Leverage the limits. Restraining forces rule – resource constraints can spur ingenuity. All artists work within the confines of their chosen media, and it’s the limits that spur their creativity. The canvas edge, the marble block, the eight musical notes – the resources are finite. So it’s how you view and manage them that makes all the difference. And that’s the big question: Are limits preventing innovation, or enabling it? There’s only one right answer. Innovation demands exploiting limits, not ignoring them.
Think Inside the Box
In our culture today, everyone is told to think outside the box. Put aside the question of how much original thinking can be going on if everyone is rushing outside the box.
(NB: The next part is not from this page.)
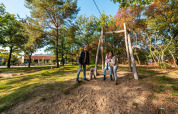 Familie mit Hund spielt an einer Seilbahn in einem sonnigen, waldreichen Glamping-Resort.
The real question that arises when we hear this advice is, What’s wrong with the box?
It turns out that boxes – that is, limitations – can be incredible prompts to imagination. Limits beget inventiveness. Limits force open the imagination.
The architect David Rockwell noticed that his own children enjoyed playing more with the cardboard box that a new art table came in than with the table itself. The stunted, risk-averse plastic playgrounds of our era no longer capture the imagination of children. They’d rather just have a box. Rockwell began to conceive of a new kind of playground: unstructured, free, child-centered, and consisting almost entirely of raw ingredients. Loose parts made of wood and metal, sand, some water, multiple levels of platform and ground. “Playing with sticks,” Rockwell observes, “reminds us that in the best play there are no permanent artifacts.” There’s just some stuff, and imagination.
The critical factor is intention. Our lives are boxed in by limitations, material and attitudinal, that we inherit or create. It takes intentional practice to see those limitations not merely as something to tolerate but as the source of new invention. When we can convert scarcity into an asset, we are not just playing well. We are living well.